Instructions for the task — The lines to reproduce from the material below are those from the one containing "WIĄZKA ELEKTR WENTYLATORA" through the one containing "Be My Valentine Sales Καρτολίνα Κρεμαστή", both included; write them out exactly and add nothing.

Available data —
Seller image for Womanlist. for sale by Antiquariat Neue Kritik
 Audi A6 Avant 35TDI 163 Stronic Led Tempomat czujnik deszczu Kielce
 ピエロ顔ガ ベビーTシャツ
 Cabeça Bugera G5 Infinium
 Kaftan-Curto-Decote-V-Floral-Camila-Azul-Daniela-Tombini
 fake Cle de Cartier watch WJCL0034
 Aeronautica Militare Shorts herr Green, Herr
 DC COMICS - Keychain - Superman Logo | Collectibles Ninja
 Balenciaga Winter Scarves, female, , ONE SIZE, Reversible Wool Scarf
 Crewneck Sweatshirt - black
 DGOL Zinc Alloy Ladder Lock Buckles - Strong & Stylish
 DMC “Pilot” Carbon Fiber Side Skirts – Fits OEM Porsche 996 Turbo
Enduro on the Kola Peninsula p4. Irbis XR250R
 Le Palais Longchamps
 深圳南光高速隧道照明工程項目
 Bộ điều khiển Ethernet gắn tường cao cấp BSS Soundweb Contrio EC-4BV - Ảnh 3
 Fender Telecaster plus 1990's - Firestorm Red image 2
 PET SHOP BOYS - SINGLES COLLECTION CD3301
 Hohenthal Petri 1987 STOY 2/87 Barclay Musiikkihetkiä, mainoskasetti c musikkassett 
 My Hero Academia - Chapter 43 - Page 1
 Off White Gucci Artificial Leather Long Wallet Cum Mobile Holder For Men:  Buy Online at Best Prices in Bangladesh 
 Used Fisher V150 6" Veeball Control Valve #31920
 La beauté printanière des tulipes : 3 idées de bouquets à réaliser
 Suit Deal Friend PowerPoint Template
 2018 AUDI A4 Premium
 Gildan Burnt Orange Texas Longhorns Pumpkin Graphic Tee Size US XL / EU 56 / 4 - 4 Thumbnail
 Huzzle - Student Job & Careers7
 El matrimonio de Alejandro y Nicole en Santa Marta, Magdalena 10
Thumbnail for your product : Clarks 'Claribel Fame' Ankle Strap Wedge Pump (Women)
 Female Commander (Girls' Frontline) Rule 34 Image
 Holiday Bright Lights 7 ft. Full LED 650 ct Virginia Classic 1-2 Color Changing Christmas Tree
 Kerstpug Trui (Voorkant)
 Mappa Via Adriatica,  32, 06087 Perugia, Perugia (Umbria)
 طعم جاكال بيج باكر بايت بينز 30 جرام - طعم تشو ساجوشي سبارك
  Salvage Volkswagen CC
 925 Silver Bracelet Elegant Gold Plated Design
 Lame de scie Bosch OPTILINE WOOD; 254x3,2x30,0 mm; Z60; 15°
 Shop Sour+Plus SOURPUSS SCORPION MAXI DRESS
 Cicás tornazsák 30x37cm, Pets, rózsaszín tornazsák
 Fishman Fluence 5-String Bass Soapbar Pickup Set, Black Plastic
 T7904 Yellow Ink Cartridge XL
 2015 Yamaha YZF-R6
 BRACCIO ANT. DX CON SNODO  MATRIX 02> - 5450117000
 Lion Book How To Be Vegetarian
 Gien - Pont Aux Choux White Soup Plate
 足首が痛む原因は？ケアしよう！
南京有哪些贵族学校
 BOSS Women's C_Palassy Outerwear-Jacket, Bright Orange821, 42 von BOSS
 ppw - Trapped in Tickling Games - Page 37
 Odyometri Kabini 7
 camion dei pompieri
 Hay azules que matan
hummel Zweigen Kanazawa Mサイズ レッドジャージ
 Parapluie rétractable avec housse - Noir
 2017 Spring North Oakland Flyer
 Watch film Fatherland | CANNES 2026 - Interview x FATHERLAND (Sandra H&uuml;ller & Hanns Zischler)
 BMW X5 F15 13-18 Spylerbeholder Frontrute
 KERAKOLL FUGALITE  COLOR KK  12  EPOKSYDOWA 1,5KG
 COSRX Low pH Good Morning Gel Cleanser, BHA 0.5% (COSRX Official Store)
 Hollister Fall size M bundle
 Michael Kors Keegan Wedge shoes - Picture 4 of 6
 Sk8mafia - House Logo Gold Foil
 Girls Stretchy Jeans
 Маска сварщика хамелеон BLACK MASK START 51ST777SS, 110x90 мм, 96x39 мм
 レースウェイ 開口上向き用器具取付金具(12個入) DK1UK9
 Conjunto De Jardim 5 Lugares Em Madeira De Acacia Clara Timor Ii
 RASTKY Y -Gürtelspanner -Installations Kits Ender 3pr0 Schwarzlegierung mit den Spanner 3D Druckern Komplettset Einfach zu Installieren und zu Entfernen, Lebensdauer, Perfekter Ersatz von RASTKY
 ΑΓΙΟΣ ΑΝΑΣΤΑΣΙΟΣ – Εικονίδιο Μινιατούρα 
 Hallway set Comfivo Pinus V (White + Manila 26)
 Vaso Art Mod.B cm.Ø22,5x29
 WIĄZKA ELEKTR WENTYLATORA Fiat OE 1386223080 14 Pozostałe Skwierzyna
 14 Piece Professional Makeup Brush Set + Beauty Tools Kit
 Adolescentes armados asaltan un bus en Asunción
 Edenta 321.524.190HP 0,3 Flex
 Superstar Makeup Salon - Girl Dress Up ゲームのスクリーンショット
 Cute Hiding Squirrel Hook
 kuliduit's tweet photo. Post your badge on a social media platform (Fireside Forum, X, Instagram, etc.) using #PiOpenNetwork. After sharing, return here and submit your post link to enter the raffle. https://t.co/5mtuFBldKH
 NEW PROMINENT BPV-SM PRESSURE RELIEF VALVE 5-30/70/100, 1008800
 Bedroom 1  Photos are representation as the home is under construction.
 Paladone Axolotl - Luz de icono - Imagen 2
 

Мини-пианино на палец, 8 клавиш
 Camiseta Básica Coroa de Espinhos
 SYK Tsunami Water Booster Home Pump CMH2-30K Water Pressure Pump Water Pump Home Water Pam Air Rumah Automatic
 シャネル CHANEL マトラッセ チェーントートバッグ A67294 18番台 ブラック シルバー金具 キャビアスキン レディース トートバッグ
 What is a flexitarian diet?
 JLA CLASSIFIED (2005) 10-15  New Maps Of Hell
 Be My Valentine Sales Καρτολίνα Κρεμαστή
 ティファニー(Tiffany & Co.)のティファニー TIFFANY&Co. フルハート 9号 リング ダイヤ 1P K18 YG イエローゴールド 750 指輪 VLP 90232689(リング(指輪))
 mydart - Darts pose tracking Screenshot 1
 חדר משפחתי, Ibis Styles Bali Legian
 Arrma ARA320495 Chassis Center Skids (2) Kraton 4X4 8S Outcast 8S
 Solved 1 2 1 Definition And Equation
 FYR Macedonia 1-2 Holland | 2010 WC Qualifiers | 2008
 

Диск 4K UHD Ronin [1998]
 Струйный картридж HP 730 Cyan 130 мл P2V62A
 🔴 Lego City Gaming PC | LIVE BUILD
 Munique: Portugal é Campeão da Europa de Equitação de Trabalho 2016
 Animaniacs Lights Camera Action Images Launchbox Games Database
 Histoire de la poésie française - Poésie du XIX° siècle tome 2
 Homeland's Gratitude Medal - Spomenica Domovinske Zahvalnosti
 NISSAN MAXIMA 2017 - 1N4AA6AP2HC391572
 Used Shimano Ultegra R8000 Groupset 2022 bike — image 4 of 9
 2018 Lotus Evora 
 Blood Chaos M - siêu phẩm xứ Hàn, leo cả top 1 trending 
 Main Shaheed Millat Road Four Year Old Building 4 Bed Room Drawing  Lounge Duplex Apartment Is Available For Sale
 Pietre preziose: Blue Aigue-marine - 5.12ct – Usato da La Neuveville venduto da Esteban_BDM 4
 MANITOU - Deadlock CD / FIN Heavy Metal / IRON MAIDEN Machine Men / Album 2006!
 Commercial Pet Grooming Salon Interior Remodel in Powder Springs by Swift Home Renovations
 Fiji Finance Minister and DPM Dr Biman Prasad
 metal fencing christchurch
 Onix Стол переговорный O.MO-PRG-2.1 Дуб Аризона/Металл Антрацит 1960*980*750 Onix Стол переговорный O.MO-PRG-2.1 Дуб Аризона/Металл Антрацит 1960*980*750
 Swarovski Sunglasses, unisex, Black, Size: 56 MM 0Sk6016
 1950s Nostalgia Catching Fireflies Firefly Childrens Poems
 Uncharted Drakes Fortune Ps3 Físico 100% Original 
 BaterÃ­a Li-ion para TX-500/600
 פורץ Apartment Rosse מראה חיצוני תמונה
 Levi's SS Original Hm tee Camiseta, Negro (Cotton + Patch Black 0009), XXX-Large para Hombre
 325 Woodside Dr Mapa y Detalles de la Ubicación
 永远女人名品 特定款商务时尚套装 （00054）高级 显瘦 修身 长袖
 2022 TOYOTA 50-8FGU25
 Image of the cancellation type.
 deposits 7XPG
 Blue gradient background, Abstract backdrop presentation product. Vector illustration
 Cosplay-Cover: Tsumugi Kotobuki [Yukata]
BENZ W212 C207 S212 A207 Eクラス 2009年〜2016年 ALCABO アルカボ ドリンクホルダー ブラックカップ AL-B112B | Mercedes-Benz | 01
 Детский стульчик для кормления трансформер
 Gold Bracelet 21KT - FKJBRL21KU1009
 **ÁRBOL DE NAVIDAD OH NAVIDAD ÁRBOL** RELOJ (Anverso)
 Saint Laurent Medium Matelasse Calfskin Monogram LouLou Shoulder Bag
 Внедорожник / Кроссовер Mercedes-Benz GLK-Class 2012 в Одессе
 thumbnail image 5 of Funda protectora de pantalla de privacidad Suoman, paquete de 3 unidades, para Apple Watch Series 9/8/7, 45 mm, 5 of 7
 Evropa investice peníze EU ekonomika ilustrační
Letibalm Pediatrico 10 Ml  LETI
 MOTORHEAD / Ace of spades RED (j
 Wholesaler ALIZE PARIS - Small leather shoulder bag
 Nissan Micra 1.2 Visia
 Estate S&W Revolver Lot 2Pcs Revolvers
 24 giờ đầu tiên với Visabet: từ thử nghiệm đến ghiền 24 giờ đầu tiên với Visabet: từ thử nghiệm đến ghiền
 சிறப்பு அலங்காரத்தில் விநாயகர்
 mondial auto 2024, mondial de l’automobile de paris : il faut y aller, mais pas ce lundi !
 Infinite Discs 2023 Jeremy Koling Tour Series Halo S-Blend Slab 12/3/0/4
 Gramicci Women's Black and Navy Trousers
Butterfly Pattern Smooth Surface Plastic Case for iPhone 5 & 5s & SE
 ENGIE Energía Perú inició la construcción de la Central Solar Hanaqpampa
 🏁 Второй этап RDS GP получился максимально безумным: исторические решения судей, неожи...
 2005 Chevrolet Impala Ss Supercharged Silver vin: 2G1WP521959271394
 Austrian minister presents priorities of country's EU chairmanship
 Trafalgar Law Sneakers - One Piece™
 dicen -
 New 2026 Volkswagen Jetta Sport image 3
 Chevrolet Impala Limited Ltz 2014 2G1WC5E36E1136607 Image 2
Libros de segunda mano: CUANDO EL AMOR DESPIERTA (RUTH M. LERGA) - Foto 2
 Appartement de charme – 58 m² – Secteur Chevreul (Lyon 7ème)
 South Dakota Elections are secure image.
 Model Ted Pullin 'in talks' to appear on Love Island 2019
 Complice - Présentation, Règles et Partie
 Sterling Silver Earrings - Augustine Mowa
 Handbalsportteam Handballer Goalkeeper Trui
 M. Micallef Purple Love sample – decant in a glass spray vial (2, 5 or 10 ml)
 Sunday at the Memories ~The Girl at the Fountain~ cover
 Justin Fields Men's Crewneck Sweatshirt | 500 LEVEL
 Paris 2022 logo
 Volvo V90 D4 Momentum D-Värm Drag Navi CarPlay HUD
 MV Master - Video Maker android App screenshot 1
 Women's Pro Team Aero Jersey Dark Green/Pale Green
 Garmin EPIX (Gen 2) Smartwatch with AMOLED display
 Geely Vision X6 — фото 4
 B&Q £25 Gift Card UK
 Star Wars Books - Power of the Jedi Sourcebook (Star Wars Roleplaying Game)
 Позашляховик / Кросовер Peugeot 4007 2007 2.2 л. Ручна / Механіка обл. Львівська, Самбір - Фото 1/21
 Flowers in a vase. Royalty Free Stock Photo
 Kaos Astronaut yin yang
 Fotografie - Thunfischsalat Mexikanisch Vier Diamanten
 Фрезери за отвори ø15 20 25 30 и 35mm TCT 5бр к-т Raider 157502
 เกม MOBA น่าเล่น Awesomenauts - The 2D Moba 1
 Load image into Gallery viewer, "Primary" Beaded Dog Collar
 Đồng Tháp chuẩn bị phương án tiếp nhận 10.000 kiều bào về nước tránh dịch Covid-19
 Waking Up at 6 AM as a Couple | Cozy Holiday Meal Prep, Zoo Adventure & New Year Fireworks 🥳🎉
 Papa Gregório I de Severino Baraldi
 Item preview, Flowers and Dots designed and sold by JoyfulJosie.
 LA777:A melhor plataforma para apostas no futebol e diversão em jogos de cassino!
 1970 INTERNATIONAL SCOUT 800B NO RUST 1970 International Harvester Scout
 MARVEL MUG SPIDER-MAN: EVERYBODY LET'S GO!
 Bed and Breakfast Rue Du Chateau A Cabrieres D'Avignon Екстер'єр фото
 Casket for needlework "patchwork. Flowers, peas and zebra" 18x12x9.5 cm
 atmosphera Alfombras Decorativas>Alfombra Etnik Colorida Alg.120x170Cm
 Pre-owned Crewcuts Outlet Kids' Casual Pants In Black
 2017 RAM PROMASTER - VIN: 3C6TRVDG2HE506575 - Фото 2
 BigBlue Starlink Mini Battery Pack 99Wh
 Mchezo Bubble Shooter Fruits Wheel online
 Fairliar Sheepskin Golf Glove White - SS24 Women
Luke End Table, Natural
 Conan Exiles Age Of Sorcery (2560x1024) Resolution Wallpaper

Your solution —
 WIĄZKA ELEKTR WENTYLATORA Fiat OE 1386223080 14 Pozostałe Skwierzyna
 14 Piece Professional Makeup Brush Set + Beauty Tools Kit
 Adolescentes armados asaltan un bus en Asunción
 Edenta 321.524.190HP 0,3 Flex
 Superstar Makeup Salon - Girl Dress Up ゲームのスクリーンショット
 Cute Hiding Squirrel Hook
 kuliduit's tweet photo. Post your badge on a social media platform (Fireside Forum, X, Instagram, etc.) using #PiOpenNetwork. After sharing, return here and submit your post link to enter the raffle. https://t.co/5mtuFBldKH
 NEW PROMINENT BPV-SM PRESSURE RELIEF VALVE 5-30/70/100, 1008800
 Bedroom 1  Photos are representation as the home is under construction.
 Paladone Axolotl - Luz de icono - Imagen 2
 

Мини-пианино на палец, 8 клавиш
 Camiseta Básica Coroa de Espinhos
 SYK Tsunami Water Booster Home Pump CMH2-30K Water Pressure Pump Water Pump Home Water Pam Air Rumah Automatic
 シャネル CHANEL マトラッセ チェーントートバッグ A67294 18番台 ブラック シルバー金具 キャビアスキン レディース トートバッグ
 What is a flexitarian diet?
 JLA CLASSIFIED (2005) 10-15  New Maps Of Hell
 Be My Valentine Sales Καρτολίνα Κρεμαστή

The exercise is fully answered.